> [STORED DATA]
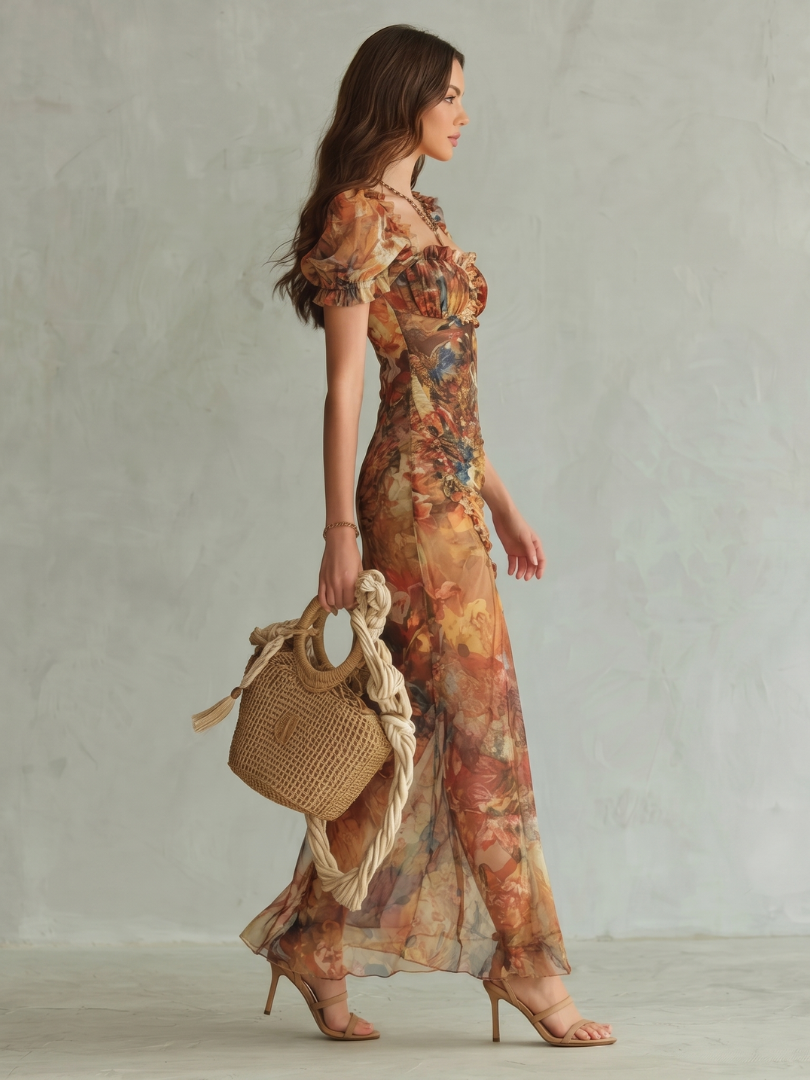 Ciel | Vestido midi com mangas de folhos e racha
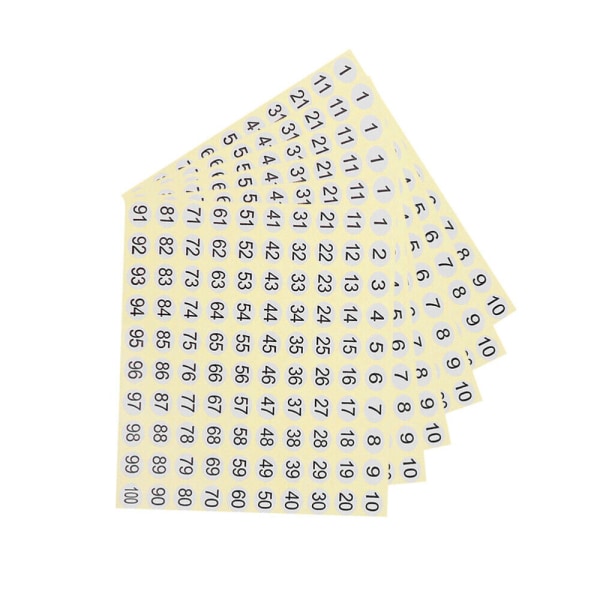 30 ark kontorsvinylnummerdekaler 1-100 klistermärken Barnlager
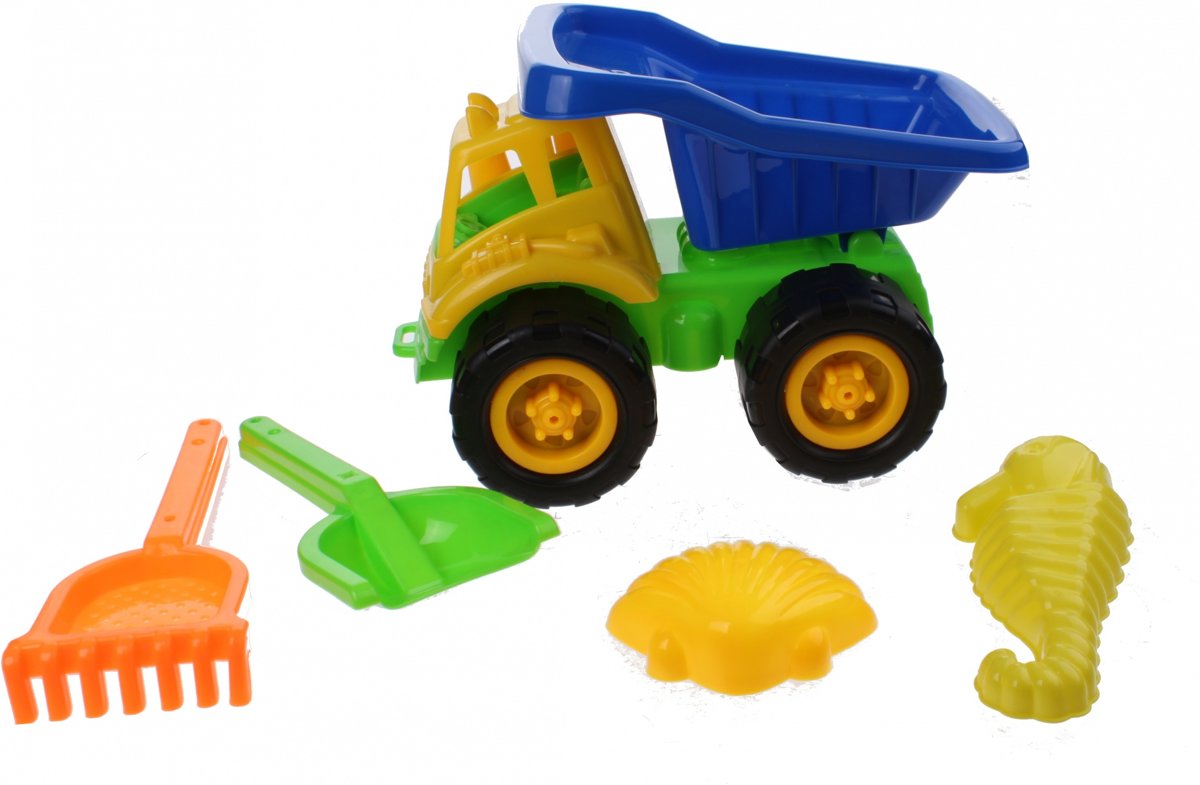 Yello Strandset Kiepwagen 5-delig 26 Cm Groen/geel/blauw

> [DESCRIPTION OF THE TASK]
Transcribe only the lines from the one holding "30 ark kontorsvinylnummerdekaler" through the last line of the listing above, inclusive, and do not include the pictures.

> [SOLUTION TO THIS PROBLEM]
 30 ark kontorsvinylnummerdekaler 1-100 klistermärken Barnlager
 Yello Strandset Kiepwagen 5-delig 26 Cm Groen/geel/blauw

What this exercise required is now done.